Elizabeth Harris-Sawczenko, Director, Council of Christians and Jews
I went to live in Israel prior to the first Intifaada. During those initial years I had experiences that were frightening and difficult due to the violence, general instability and fragility of life itself. Like many in our community I had only ever imbibed the Jewish/Israeli narrative but deep within me I always knew that I needed to find a way to connect with the other.
In 1993 an opportunity arose with the Oslo Accords. I was a working at a Jewish educational organisation where I met Palestinian counterparts for the first time: in particular a Palestinian woman, Itaf Abu Zayyad, wife of Ziad AbuZayyad a senior figure in the Palestinian legislature. We soon became friends despite our many differences. It was a powerful and I have to say very female experience, especially within the context of generations of mistrust and conflict. I do believe that women find ways to search for their common humanity. One has only to look at women’s contribution to the Good Friday agreement, the Israeli Women in Black during the first Lebanon War or the Israeli grassroots women’s peace initiative ‘Women Wage Peace’ to understand how key women are to bringing peace to the region.
A few years later, I was working in an organisation that safeguards civil and human rights in Israel. I started this job just days before the outbreak of the second Intifaada and was immediately plunged into numerous peace-building initiatives, with a team of Jewish, Christian and Muslim citizens of Israel.
In the middle of this Intifaada, my close Palestinian Christian colleague Antigona, who lived in Beit Jala, had her house demolished by rocket fire. She moved to Bethlehem in the middle of the chaos and spent the rest of the Intifaada in her basement to be safe from constant clashes between Palestinian and Israeli fire. Why do I share this with you? Because despite our different national and religious identities, every day of that intifaada I called her to make sure she was safe…and then one balmy summer night at the height of the conflict, the café opposite my home in Jerusalem was blown up. Anyone close to the blast died instantly. And yes, she was the first friend to check I was alive. So this is why I believe women have an essential contribution to peace and this is why I also believe peace is still possible.
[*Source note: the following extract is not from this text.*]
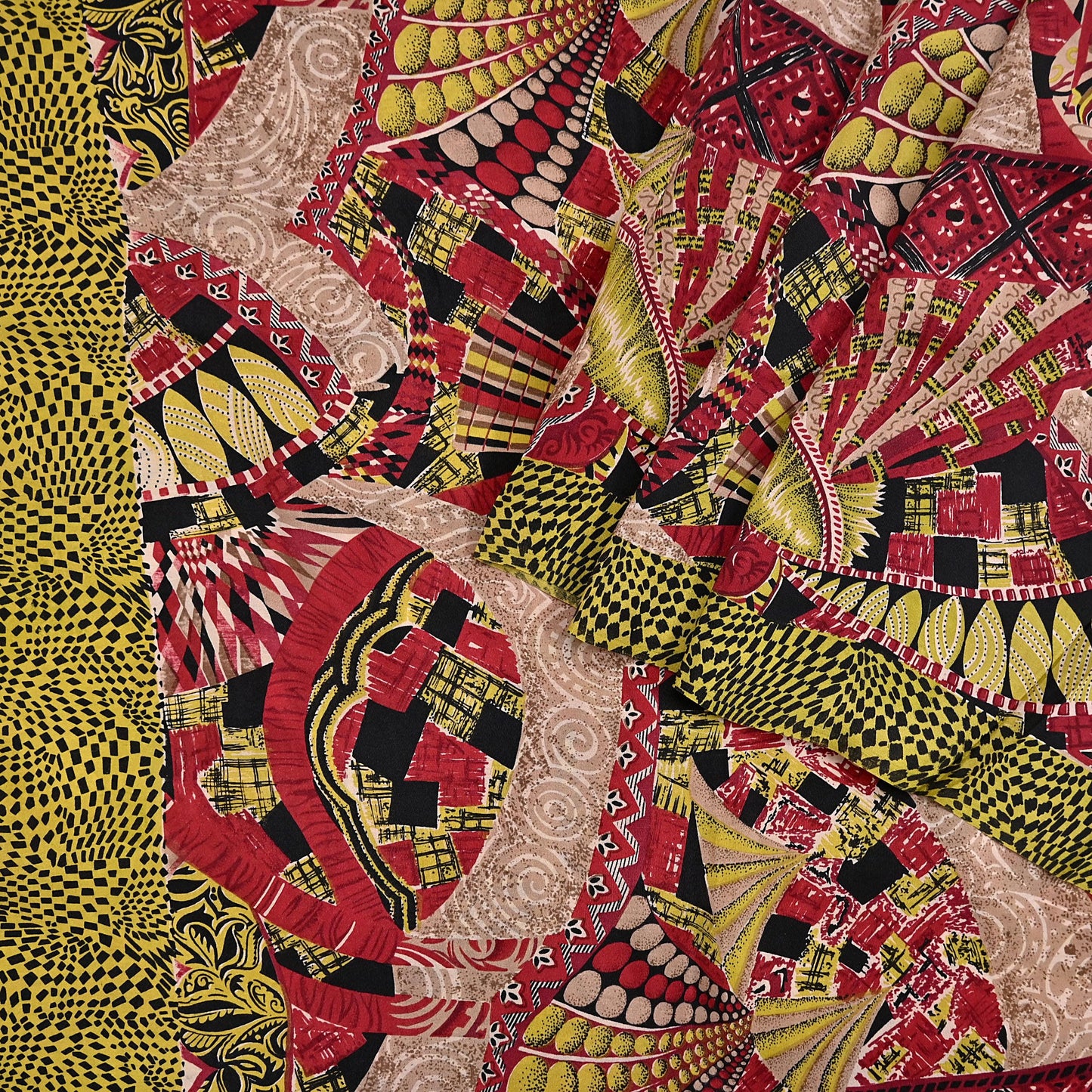 Indian Vintage Sari Black & Red Pure Crepe Silk Printed Sarees 5yd Sewing Floral Soft Craft Fabric Wrap Dress making Crafting Quilting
On my return to the UK I resolved to translate my experiences into new contexts and particularly within my interfaith role as Director of CCJ: To support Palestinians and Israelis working together, for a peaceful resolution to the conflict, in particular through highlighting the work of women in the Peace Movement. Each year CCJ leads a Christian/Jewish Leadership study tour to Israel and the Palestinian Territories through a partnership with two wonderful Palestinian women friends and colleagues: Riman (a Muslim) and Nimala (a Christian). On IWD I salute all those women who bravely continue to fight for peace and press for progress.